# Records for this exercise:

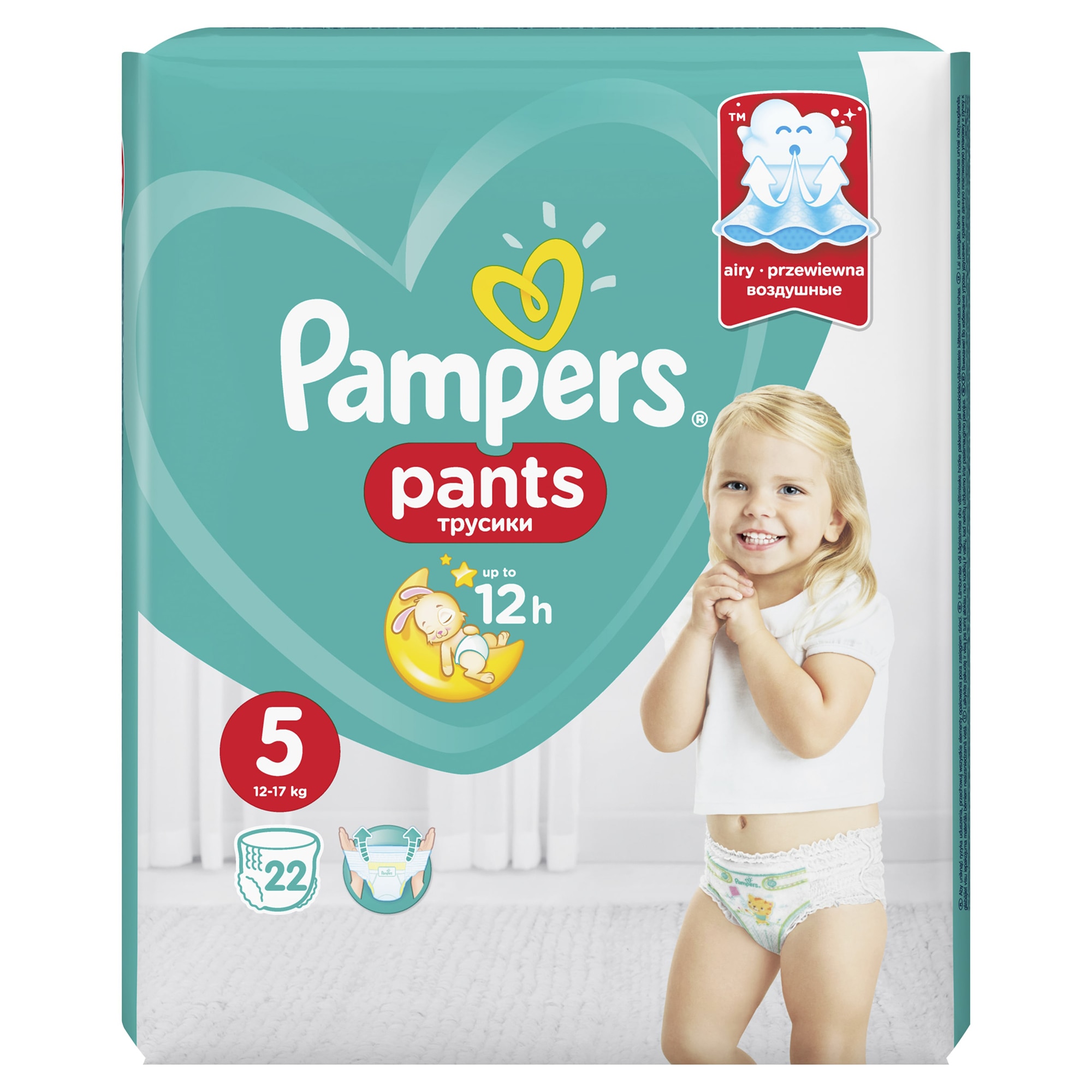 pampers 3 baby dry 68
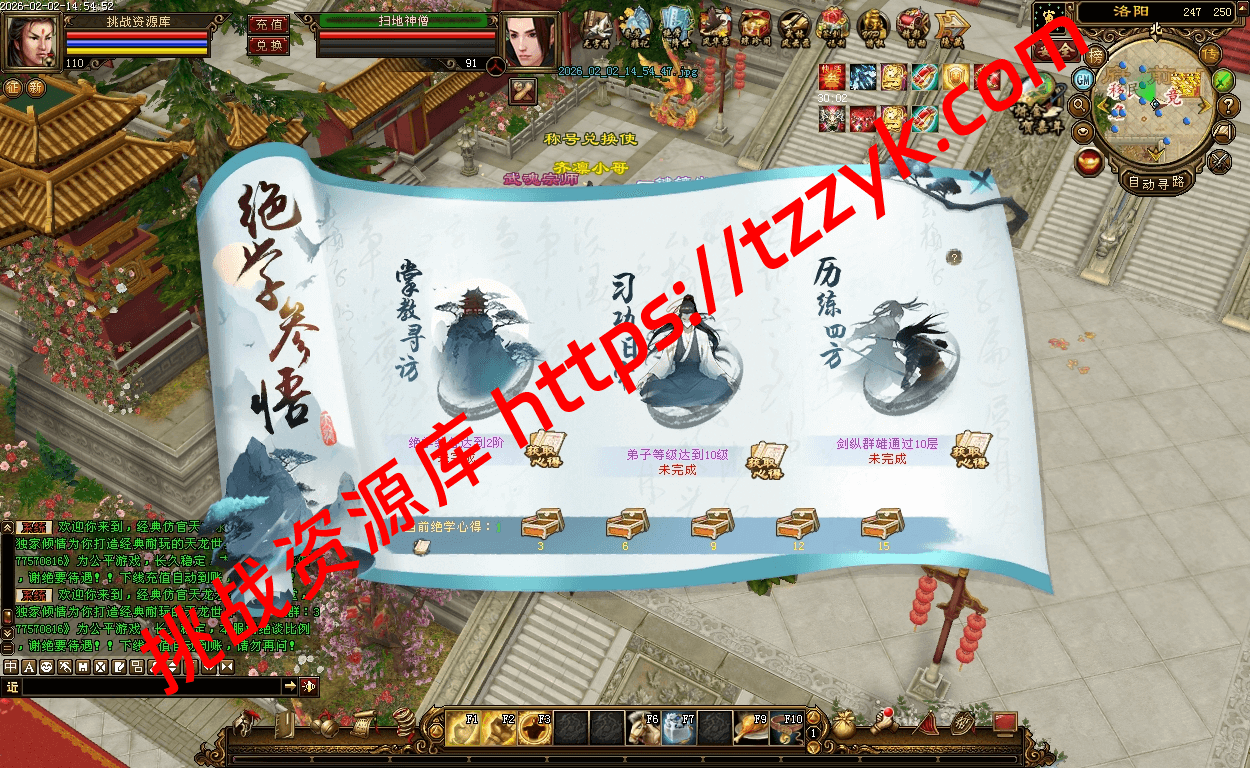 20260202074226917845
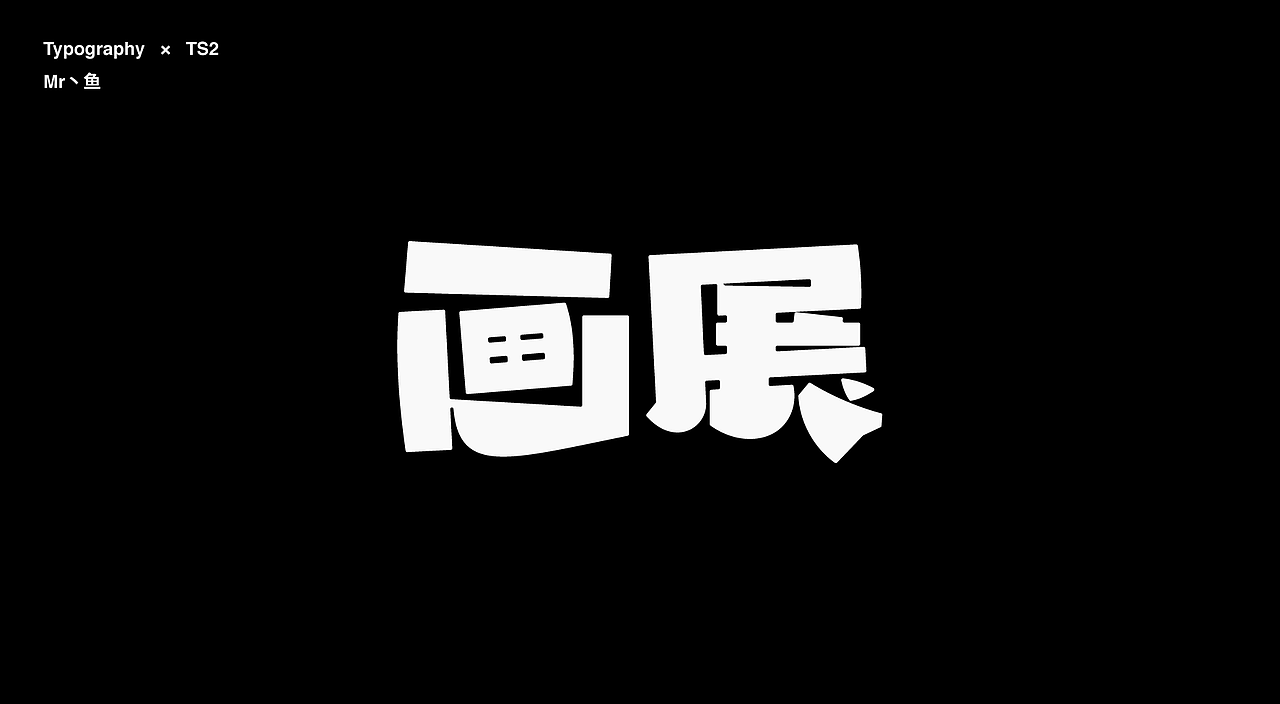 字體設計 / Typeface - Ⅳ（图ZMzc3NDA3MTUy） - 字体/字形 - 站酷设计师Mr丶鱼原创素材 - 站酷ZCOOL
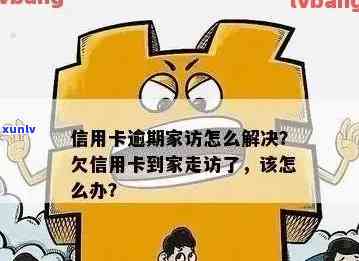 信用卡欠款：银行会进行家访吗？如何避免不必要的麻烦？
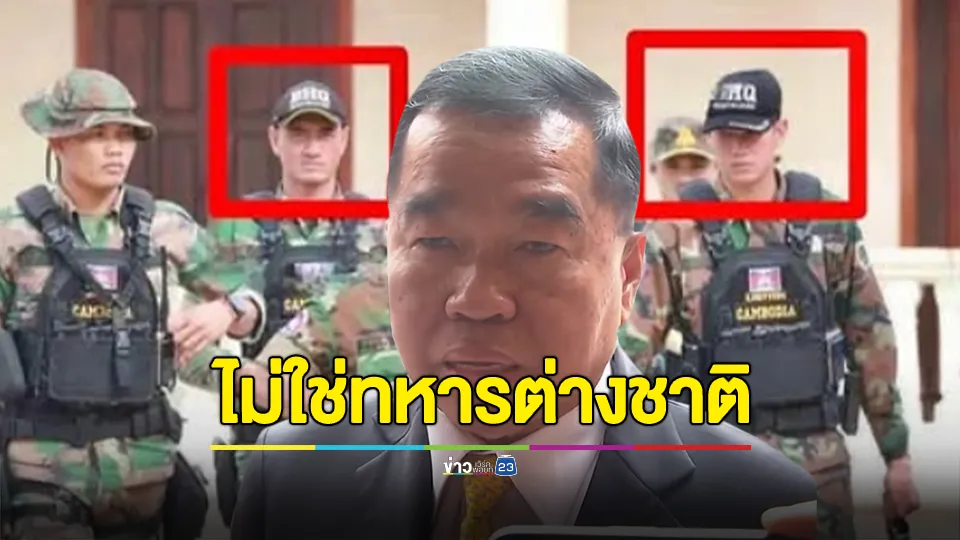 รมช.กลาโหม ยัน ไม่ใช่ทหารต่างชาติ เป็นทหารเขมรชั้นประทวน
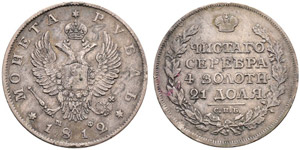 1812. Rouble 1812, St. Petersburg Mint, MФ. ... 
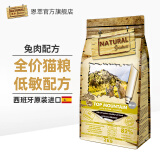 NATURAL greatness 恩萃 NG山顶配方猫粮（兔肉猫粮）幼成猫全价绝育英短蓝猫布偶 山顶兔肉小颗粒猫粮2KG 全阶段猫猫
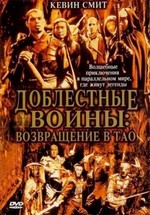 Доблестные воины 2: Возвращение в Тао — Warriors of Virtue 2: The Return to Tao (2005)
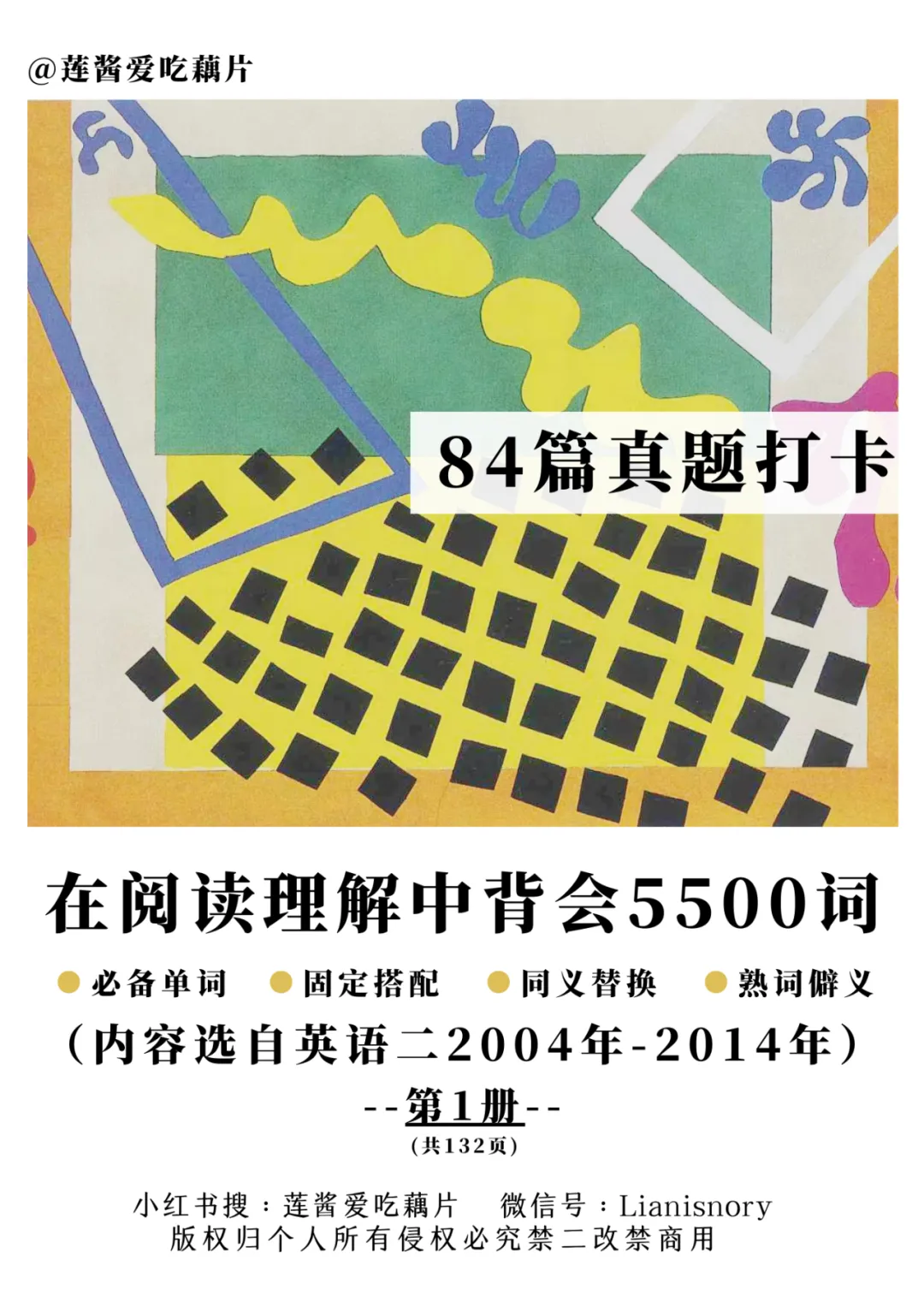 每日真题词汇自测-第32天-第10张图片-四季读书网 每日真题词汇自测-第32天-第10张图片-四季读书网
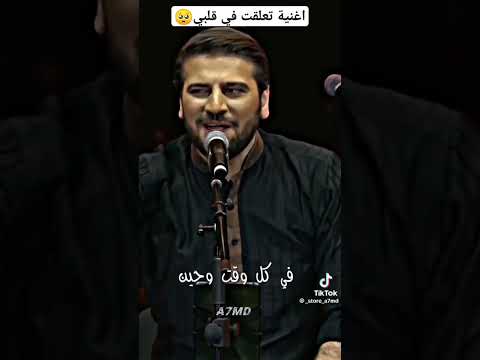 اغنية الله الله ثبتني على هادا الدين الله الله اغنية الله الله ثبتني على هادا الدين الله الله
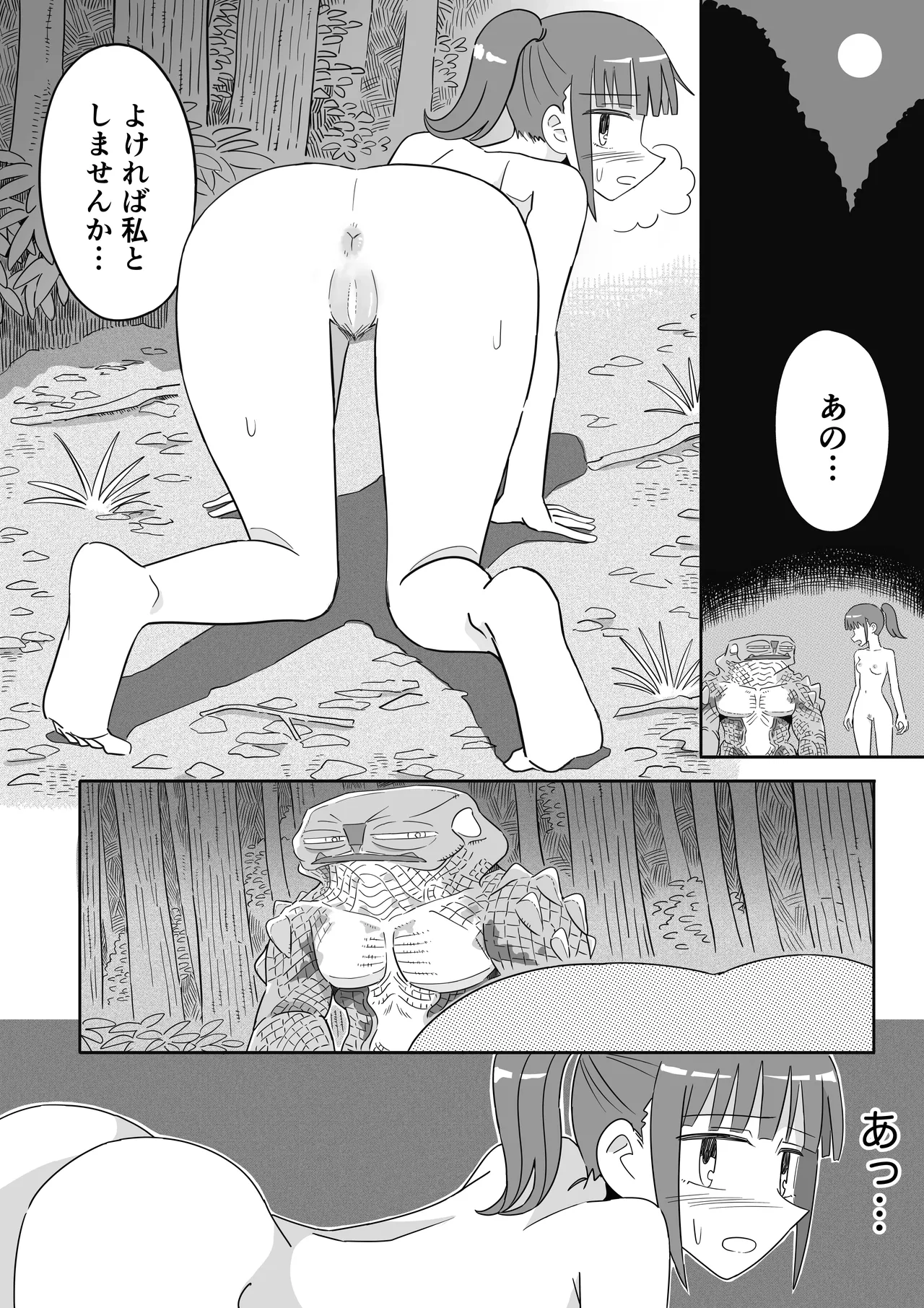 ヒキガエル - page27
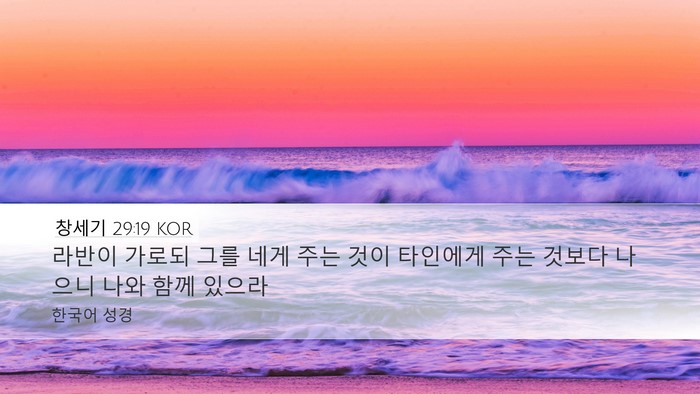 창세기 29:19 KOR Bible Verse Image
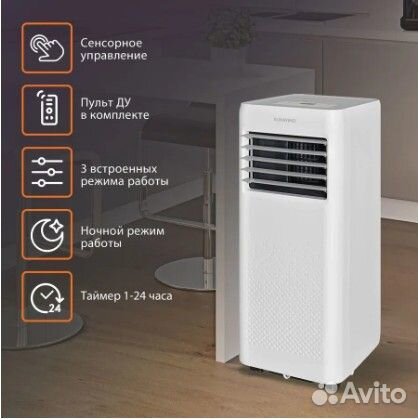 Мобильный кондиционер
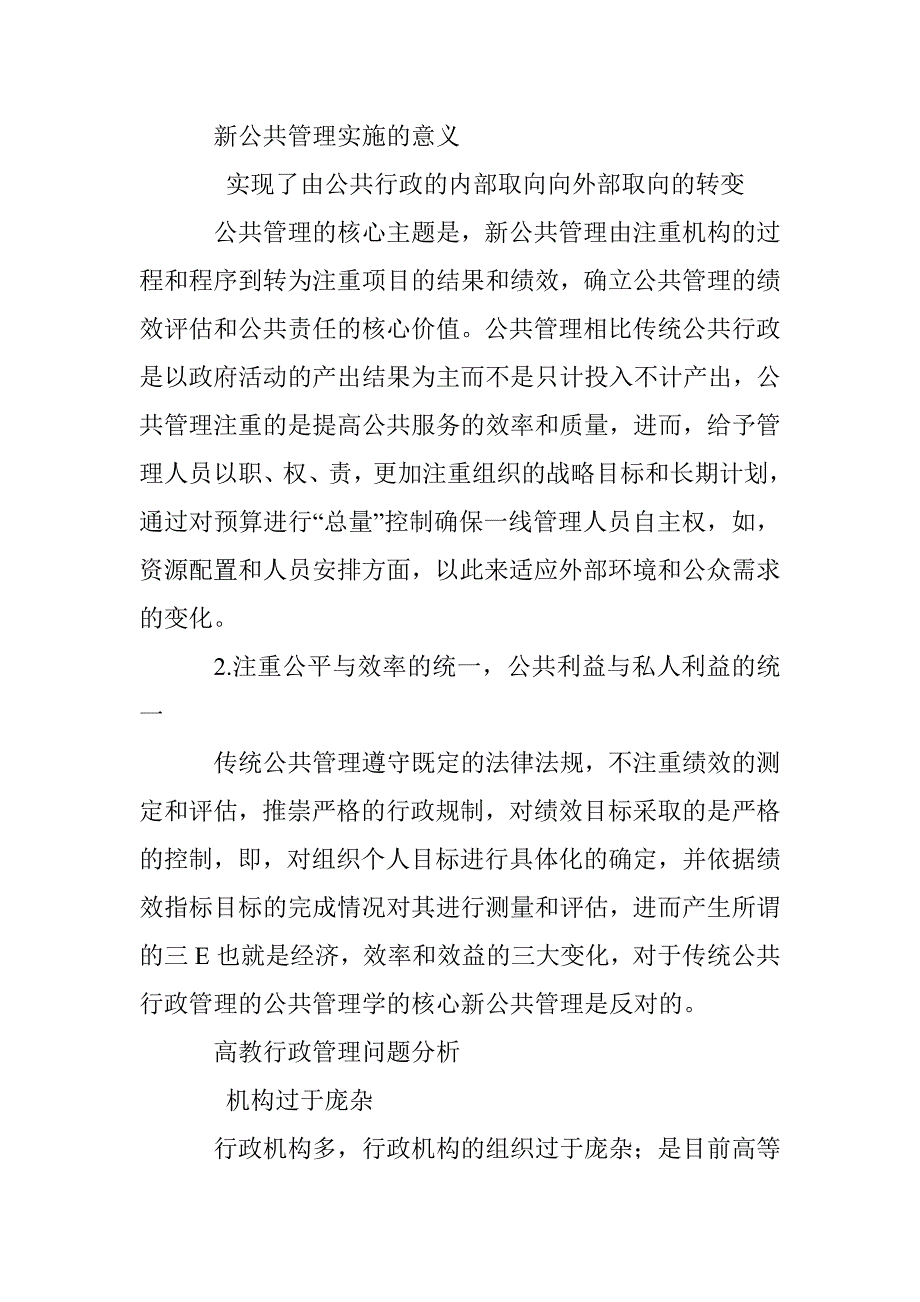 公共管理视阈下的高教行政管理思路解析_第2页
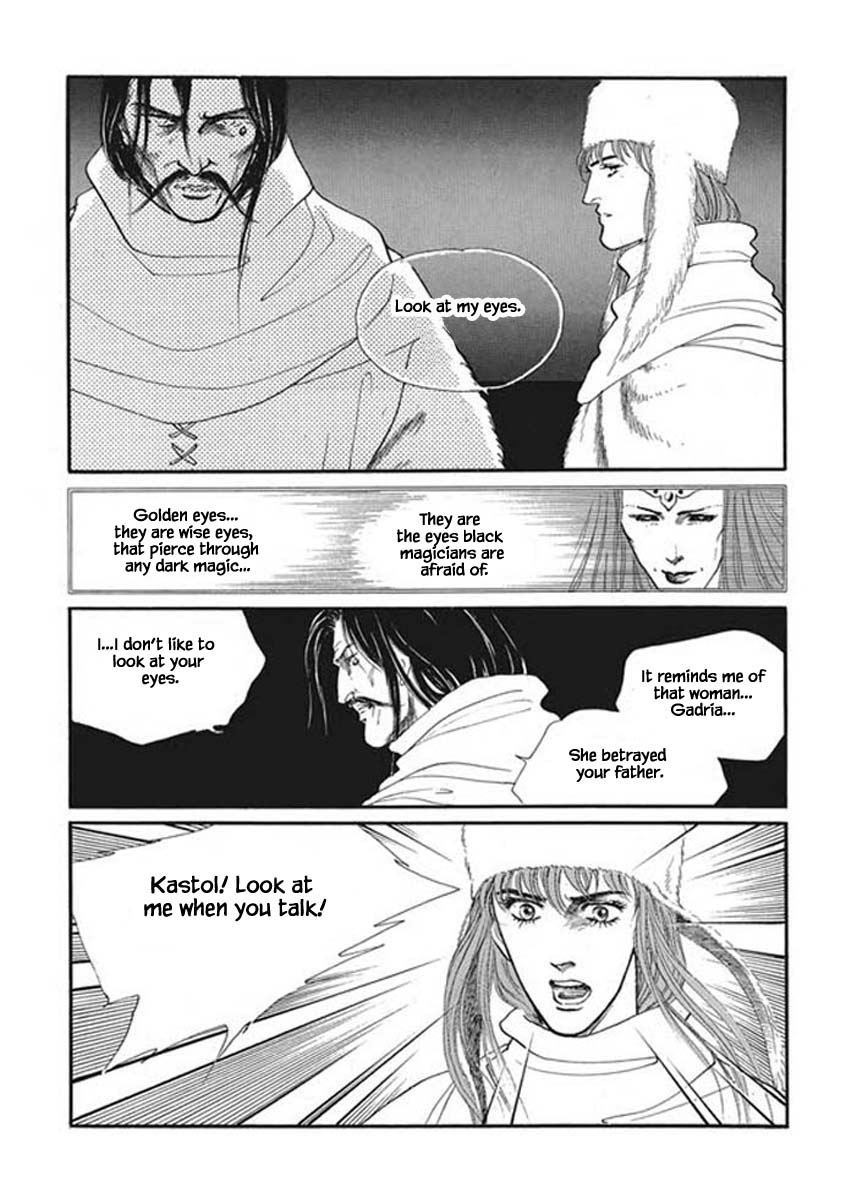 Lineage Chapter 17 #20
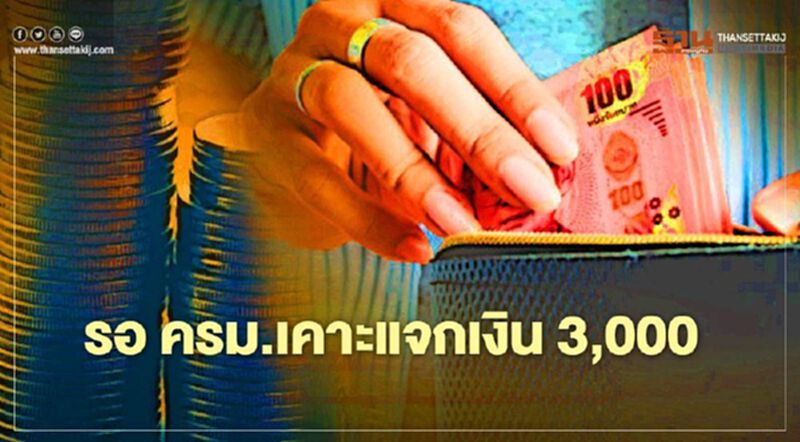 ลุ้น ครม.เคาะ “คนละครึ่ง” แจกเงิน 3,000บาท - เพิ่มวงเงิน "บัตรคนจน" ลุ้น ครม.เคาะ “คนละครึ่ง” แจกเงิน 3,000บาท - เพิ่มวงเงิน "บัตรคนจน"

# Problem details:
The result should be an exact copy of only the lines above from the one that holds "NATURAL greatness 恩萃" through the one that holds "اغنية الله الله ثبتني على هادا الدين الله الله اغنية", both ends included, without pictures.

# Task response:
 NATURAL greatness 恩萃 NG山顶配方猫粮（兔肉猫粮）幼成猫全价绝育英短蓝猫布偶 山顶兔肉小颗粒猫粮2KG 全阶段猫猫
 Доблестные воины 2: Возвращение в Тао — Warriors of Virtue 2: The Return to Tao (2005)
 每日真题词汇自测-第32天-第10张图片-四季读书网 每日真题词汇自测-第32天-第10张图片-四季读书网
 اغنية الله الله ثبتني على هادا الدين الله الله اغنية الله الله ثبتني على هادا الدين الله الله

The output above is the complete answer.